Un bâtiment sous contraintes

Deux types de contraintes ont fait l’objet d’interventions, d’une part les contraintes de bâtiments patrimoniaux à réaménager, d’autre part les contraintes imposées par les normes de sécurité.

Ignasi Bonet est architecte-conseil pour le Service des bibliothèques de la generalitat de Barcelone. Dans cette région, 101 opérations immobilières ont eu lieu depuis 1993 pour des bibliothèques, dont 34 dans des bâtiments historiques. Deux questions majeures se posent à leur sujet : faut-il réhabiliter ce bâtiment, faut-il (peut-on) y installer une bibliothèque ? Le grand intérêt de la communication d’Ignasi Bonet est d’avoir apporté des réponses sur deux registres : technique, bien sûr, mais aussi politique. C’est ainsi qu’il a défini les principaux critères de décision pour le réemploi d’un bâtiment. D’une part, entrent en compte des critères bibliothéconomiques : capacité de stockage, facilité de fonctionnement, c’est-à-dire nombre, taille et distribution actuelle et possible des salles. D’autre part, des critères urbains, culturels et sociaux (politiques, pour faire vite) : la valeur architecturale du bâtiment, son poids (historique, symbolique) dans la ville, son importance dans l’histoire urbaine, sa capacité à contribuer à une « régénération » urbaine, etc. Pourquoi décider d’y faire une bibliothèque, plutôt qu’autre chose ? Deux facteurs principaux semblent jouer, l’importance de la fréquentation qui fait de la bibliothèque un outil de revitalisation urbaine, la valeur de la bibliothèque pour la communauté. La présentation de nombreux exemples en Catalogne donna de la chair à la démonstration. Des exemples réussis (surtout des bâtiments industriels), des exemples à ne pas reproduire (le Casino de Manresa, qui regorge d’escaliers, de corridors, de lingeries et autres room-services). Oui, convient Ignasi Bonet, en réponse à une question : réhabiliter de l’ancien est plus cher que faire du neuf, mais il s’agit aussi de s’inscrire dans l’histoire de la ville. Un dossier de présentation est accessible sur le web 1.
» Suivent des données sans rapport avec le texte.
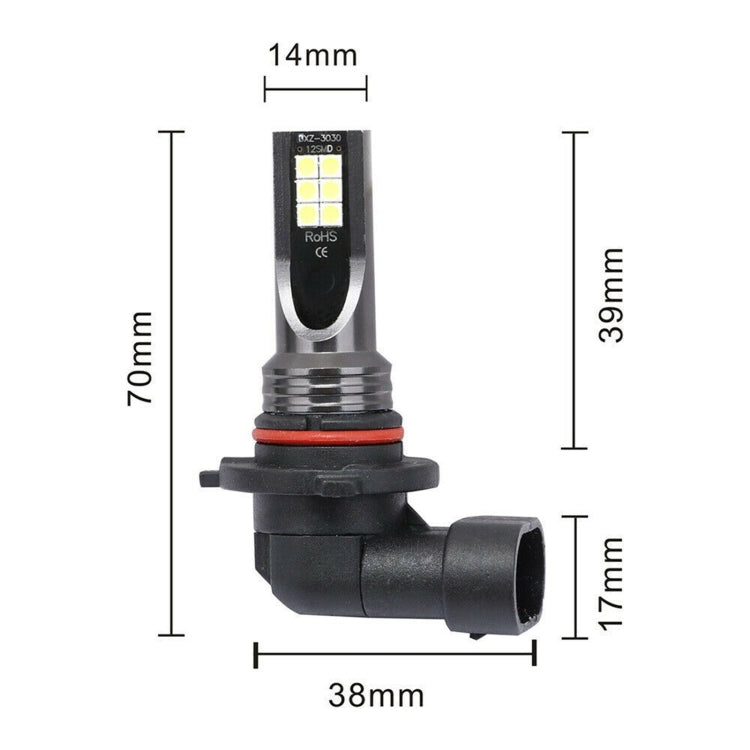 2 PCS 9006 DC12V-24V / 12W / 3000K / 800LM 12LEDs SMD-3030 Car LED Fog Light (White Light) - Fog / Driving Lights by PMC TechLife | Online Shopping South Africa | PMC TechLife | Buy Now Pay Later Mobicred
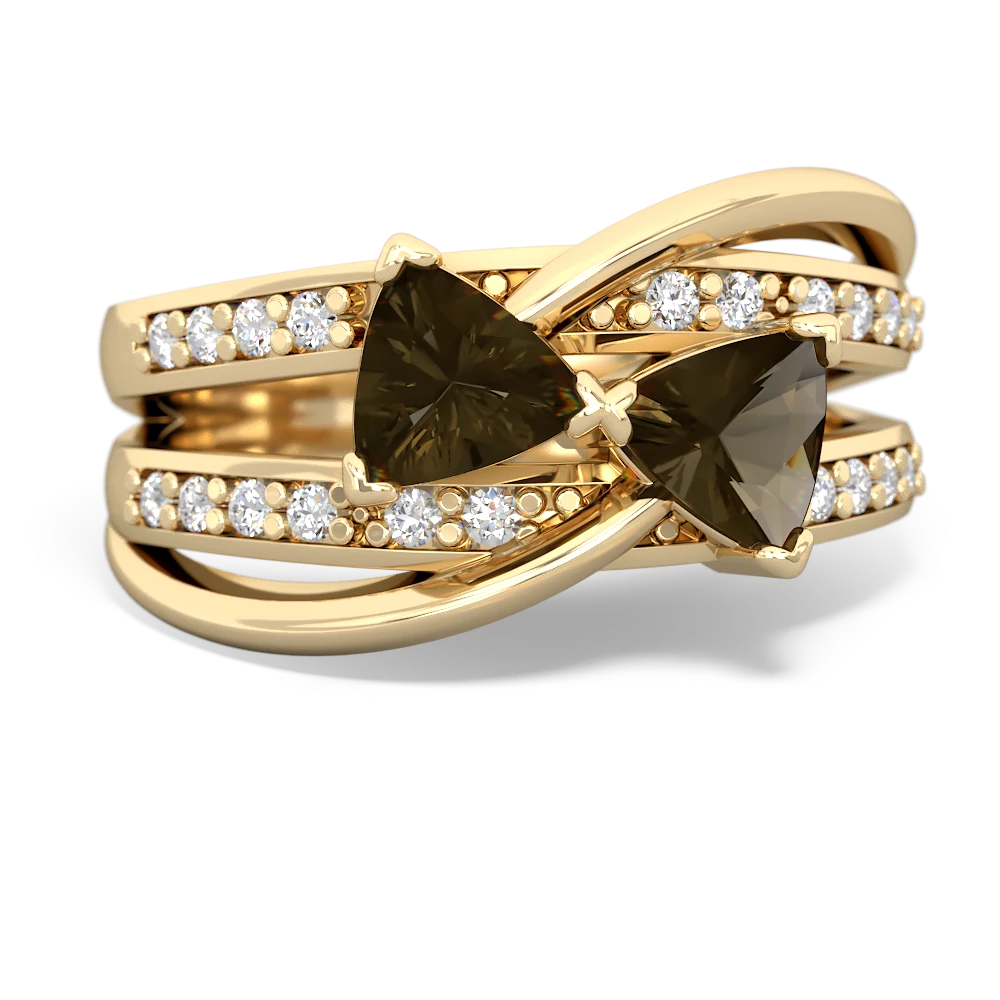 Smoky Quartz Bowtie 14K Yellow Gold ring R2360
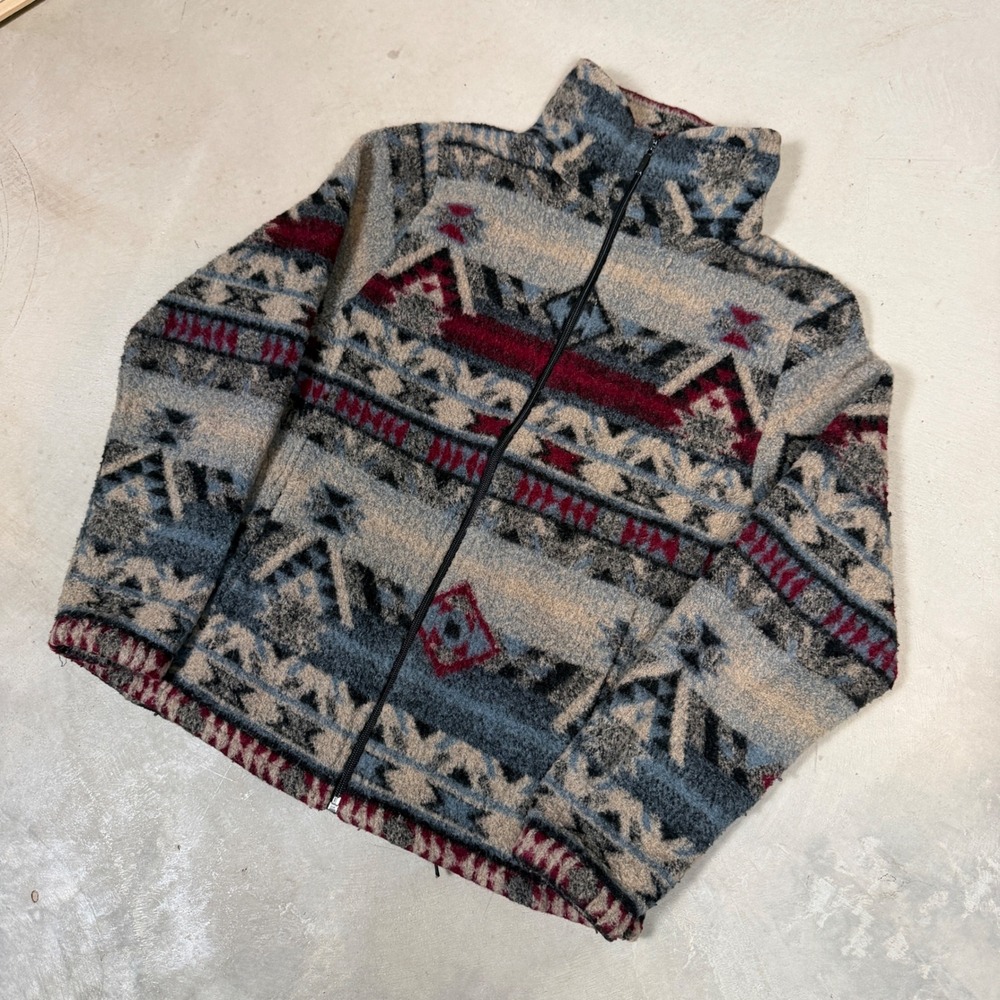 Bear Ridge Outfitters Small Southwestern Wool Blend Fleece Jacket Made in USA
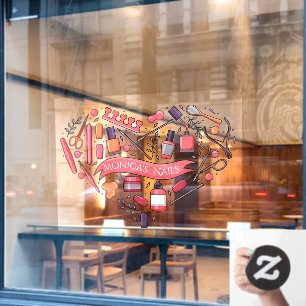 Autocollant Pour Fenêtre Personnaliser les outils pour ongles en forme de c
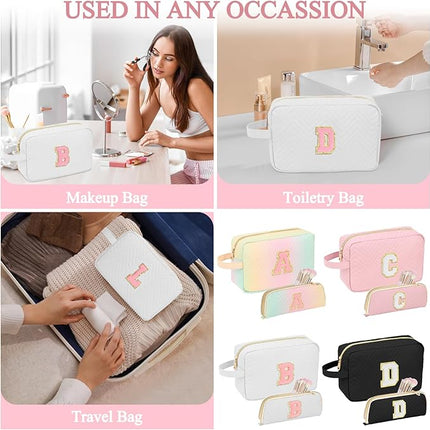 Personalized Initial Makeup Bag Trendy Stuff Leather Waterproof Cosmetic Bag Travel Toiletry Bag, Makeup Organizer Case Mother's Day/Birthday/Graduation Gifts for Women Girls Mom Girlfriend White.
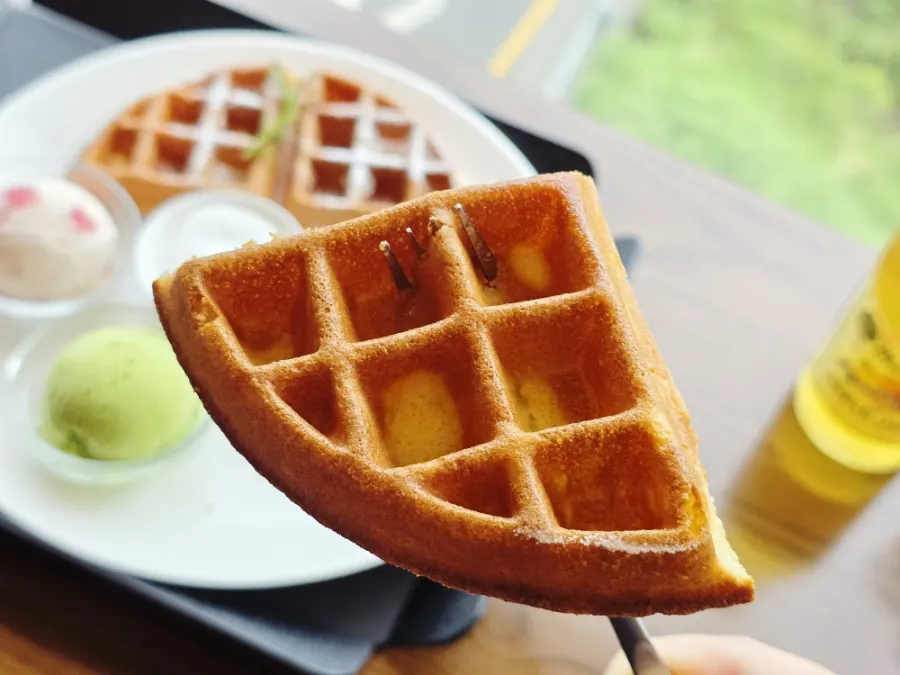 Neatly plated waffle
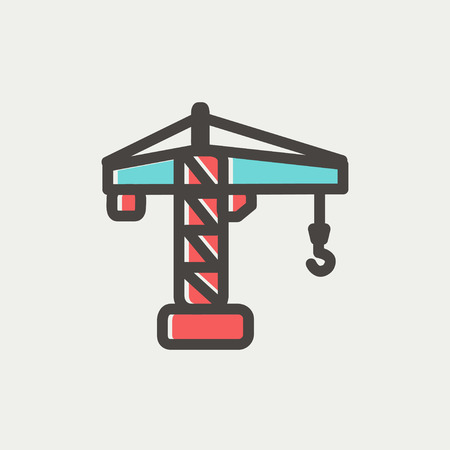 Crane machine icon thin line for web and mobile, modern minimalistic flat design. Vector icon with dark grey outline and offset colour on light grey background.のイラスト素材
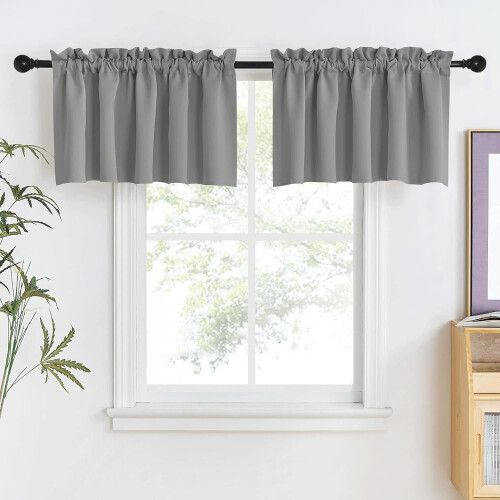 Silver Grey Rod Pocket Window Valances 42"x18" 2 Panels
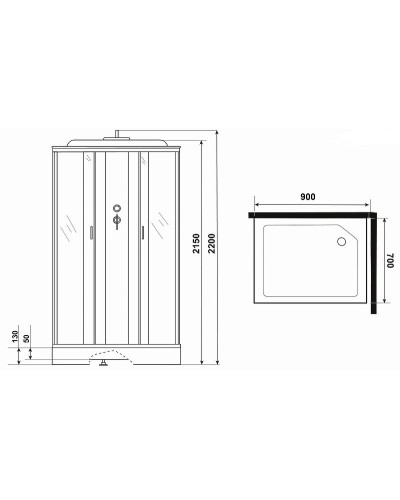 Душевая кабина Niagara Classic 90х70 NG-43975-14QP без гидромассажа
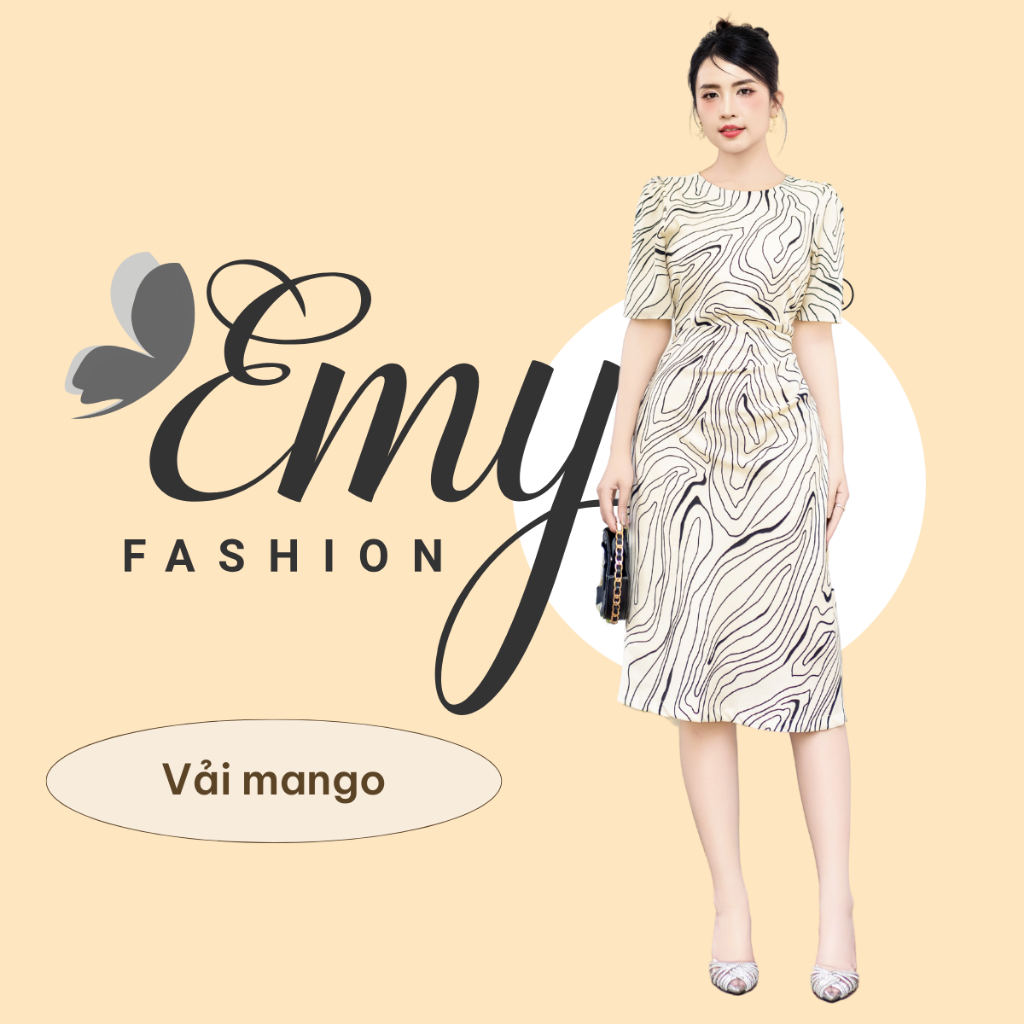 Đầm Body EMY Cao Cấp Trung Niên EM9479 Dáng Xòe Cổ Tròn Nhún Vai Trẻ Trung, Thiết Kế Dự Tiệc Vải Mango Vân Đen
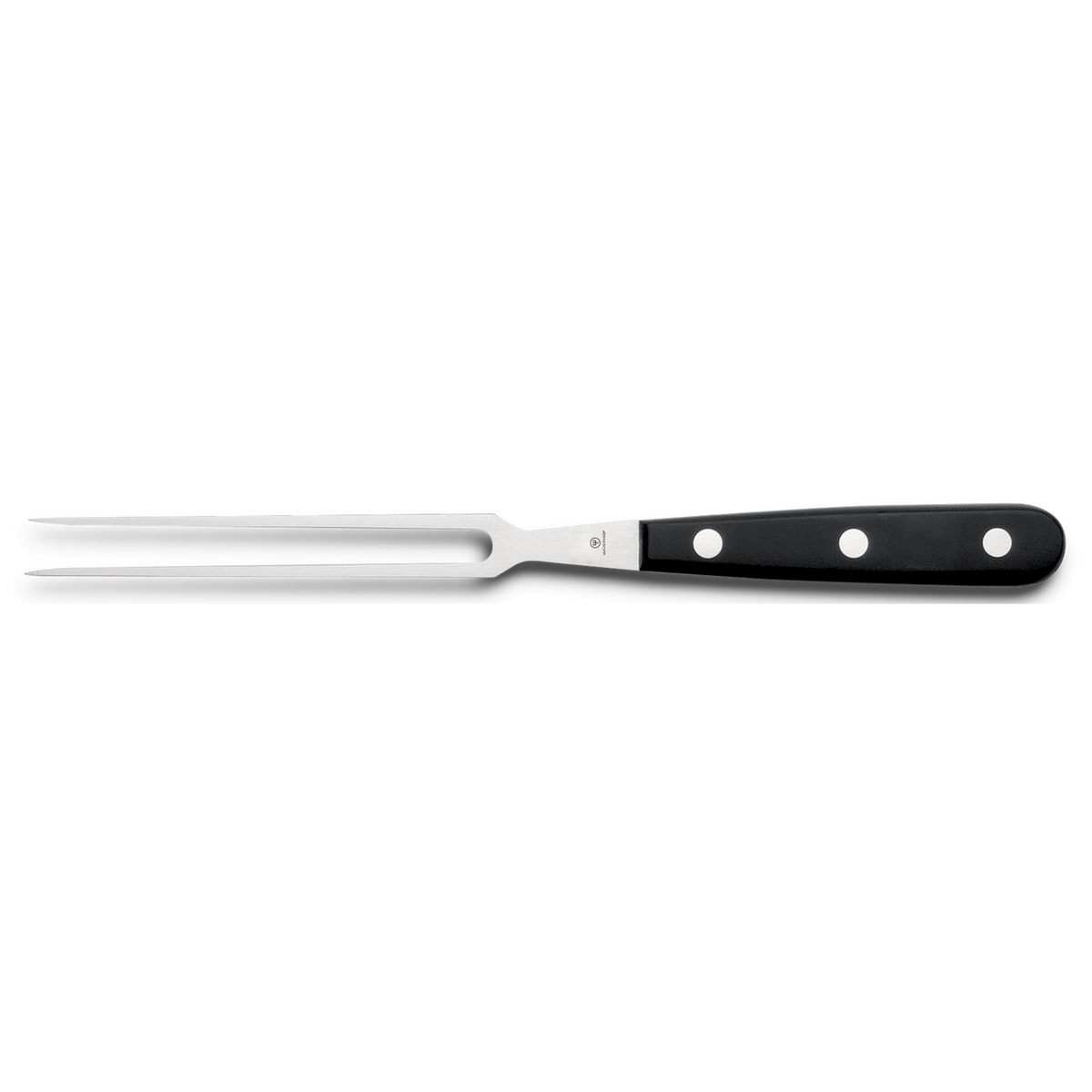 Gourmet 5" Kitchen Fork featuring a polished stainless steel two-prong design with a black ergonomic handle secured by three metal rivets for precise food handling.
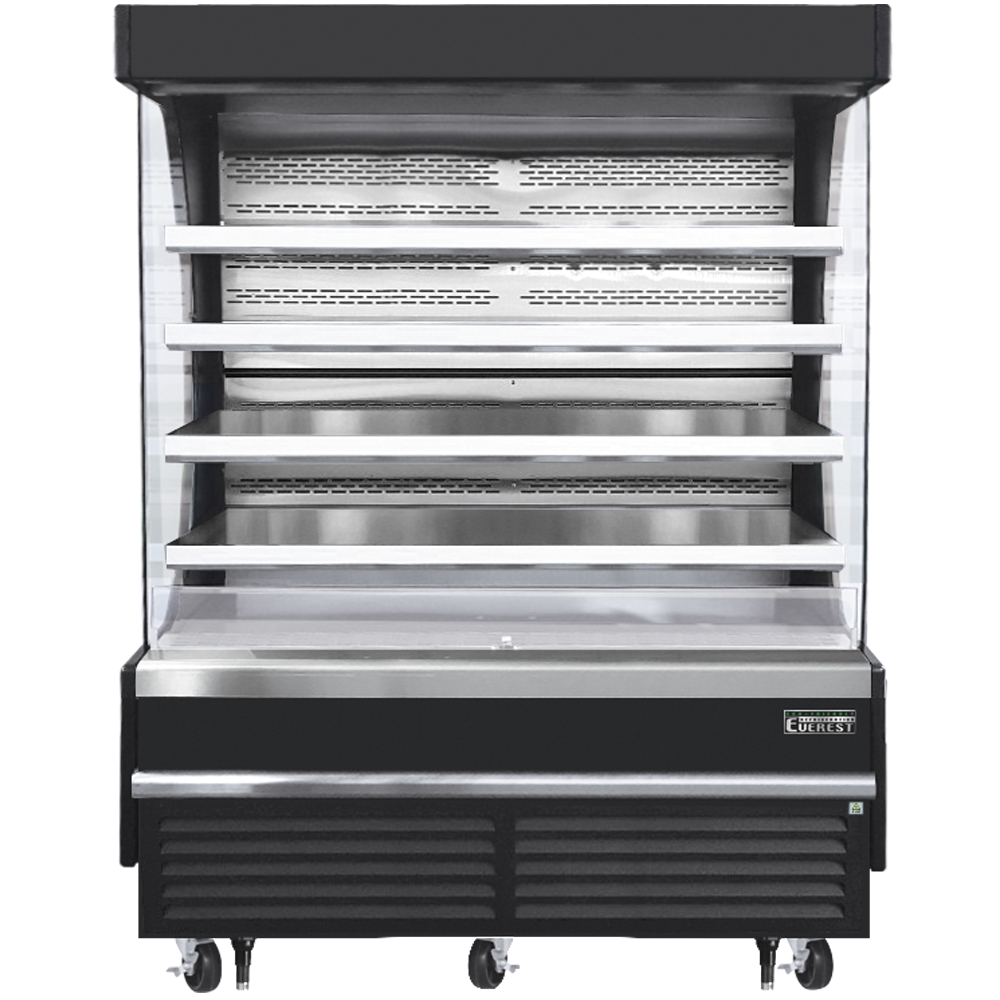 Everest | 73" Wide 4 Shelf Bottom Mount Tall Open Air Merchandiser Refrigerator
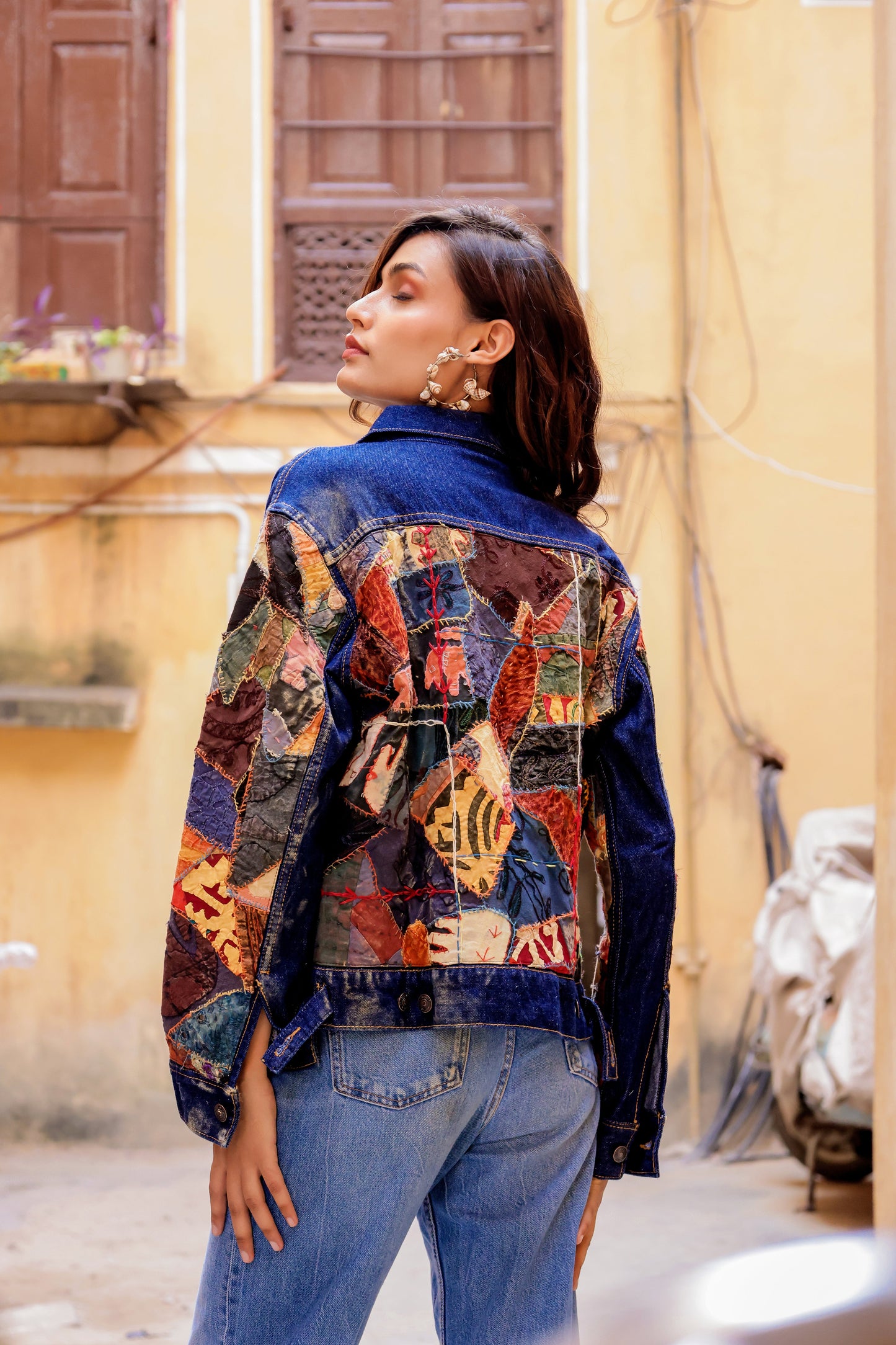Ethnic Stitch Denim Jacket: Handmade Elegance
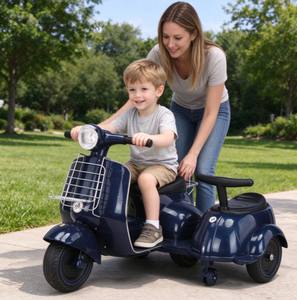 Scooter Elettrico per Bambini Stile <span class=keywords><strong>Vespa</strong></span> con Sidecar e Faro, Ottimo Regalo per Divertimento alla Guida dei Piccoli - Product Image 1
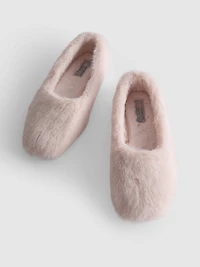 Faux Fur Ballet Slippers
C’est à une tout autre série de contraintes que les architectes Denis Thélot et Nicolas Mayeur consacrèrent leur intervention : celles de la sécurité des personnes, c’est-à-dire la sécurité incendie et anti-panique. Sur ce sujet, qu’ils reconnurent eux-mêmes comme austère, ils réussirent à faire une communication vive et agréable. La réglementation française impose une obligation de moyens, pas de résultats, et concerne les personnes plus que les biens, et parmi les personnes le public et pas le personnel (dont la sécurité relève du code du travail). La catégorisation de la réglementation française est aujourd’hui désuète : elle s’appuie sur les fonctions des établissements recevant du public – bibliothèques, théâtres, musées, restaurants, etc. – alors que la multi-fonctionnalité est de plus en plus répandue. Ainsi, la future bibliothèque de Paris VII va côtoyer, dans les Grands Moulins de Paris, des locaux d’administration, d’enseignement et un restaurant universitaire – toutes catégories d’établissements soumises à des réglementations différentes. Bien plus, souligne Denis Thélot, dans une bibliothèque, on fait, de plus en plus souvent, autre chose que ce qui est traditionnellement envisagé : des concerts, du théâtre, des cocktails, des défilés de mode…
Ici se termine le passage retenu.